For this matches the flavor profile is assigned according the report in the database as well as a probability of 100% as their flavor profile is experimentally validated. Additionally, the source of the data recorded in the database is provided.

In [None]:
columns = ['Bitter', 'Floral', 'Fruity', 'Off_flavor', 'Nutty', 'Sour', 'Sweet', 'Source']

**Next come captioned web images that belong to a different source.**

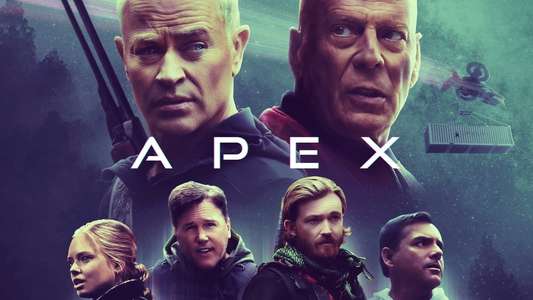 Apex - Backdrop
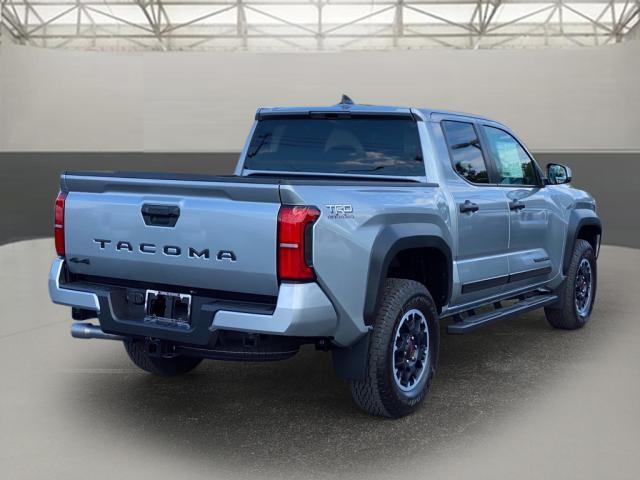 new 2024 Toyota Tacoma car, priced at $48,298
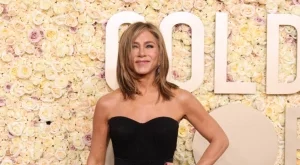 Дженифър Анистън разказа за своята тайна 20-годишна борба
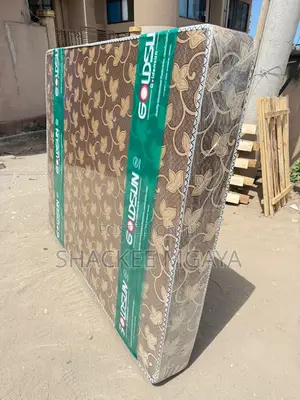 Goldsun Mtress Inch 10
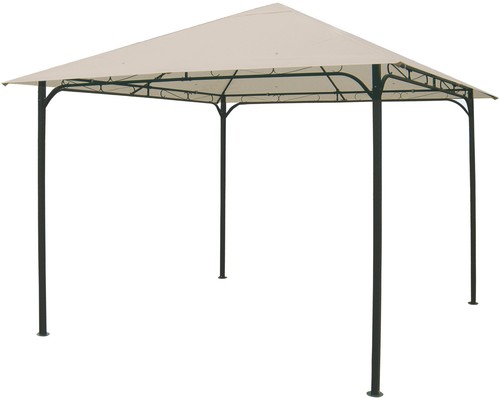 Tata linda gazebo echos - tata, mt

result_dict = {col: [] for col in columns}

for smiles in db_matches['Isomeric Smiles']:
    for col in columns:
        values = database[database['Isomeric Smiles'] == smiles][col].values
        result_dict[col].append(values[0])

for col in columns:
    db_matches = db_matches.copy()
    db_matches[col] = result_dict[col]

db_matches.head()

This data can be stored in an excel file. Run the following cell if you want to store it.

In [None]:
db_matches.to_excel('Database matches.xlsx', index=False)

# 3. Obtaining the data without reported flavor profile

The next step is obtaining the set of compounds without database matches. The structure of this molecules will be used for the prediction.

In [None]:
non_matches = data[~data['Isomeric Smiles'].isin(database['Isomeric Smiles'])]
non_matches.head()

# 4. Featurizing the compounds

In order to run the prediction it is required to transform the molecular structure into the mathematical representation that the trained algorithms require: RDKit molecular descriptors and Extended Connectivity Fingerprint.

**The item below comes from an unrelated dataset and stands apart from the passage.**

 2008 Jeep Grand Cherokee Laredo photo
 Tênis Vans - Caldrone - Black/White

For this, RDKit python library needs to be installed, as it is not a default library in Google Colab.

In [None]:
!pip install rdkit-pypi

The first representation obtained are the 200 RDKit molecular descriptors. This descriptors are obtained using the isomeric smiles as input.

In [None]:
''' Import the RDKit libraries for molecular descriptor calculation'''

from rdkit.Chem import Descriptors
from rdkit.ML.Descriptors import MoleculeDescriptors
from rdkit import Chem

''' Create a fucntion that extract all the RDKit molecular descriptors'''

def RDkit_descriptors(smiles):
    mols = [Chem.MolFromSmiles(i) for i in smiles]
    calc = MoleculeDescriptors.MolecularDescriptorCalculator([x[0] for x in Descriptors._descList])
    desc_names = calc.GetDescriptorNames()

    Mol_descriptors =[]

    for mol in mols:
        descriptors = calc.CalcDescriptors(mol)
        Mol_descriptors.append(descriptors)
    return Mol_descriptors,desc_names

''' Call the fucntion that extract all the RDKit molecular descriptors'''

Mol_descriptors,desc_names = RDkit_descriptors(non_matches ['Isomeric Smiles'])

df_RDKit_descriptors = pd.DataFrame(Mol_descriptors,columns=desc_names)

df_RDKit_descriptors.head()

Before training the respective algorithms, the descriptors were cleaned by colineality and variance. Therefore, not all the 200 molecular descriptors will be accepted as input by the respective algorithms.

It is necessary to filter the input descriptors. For this, the file containing the test data is used to filter the input columns.

In [None]:
RDKit_test = pd.read_excel('https://github.com/FabioHerrera97/FlavorMiner/raw/main/Data/RDKit_test.xlsx')

x_RDKit_data = RDKit_test.drop(['Bitter', 'Floral', 'Fruity', 'Off_flavor', 'Nutty', 'Sour', 'Sweet'], axis=1)

input_columns_names_RDKit = x_RDKit_data.columns.tolist()
input_columns_names_RDKit

input_RDKit = df_RDKit_descriptors[input_columns_names_RDKit]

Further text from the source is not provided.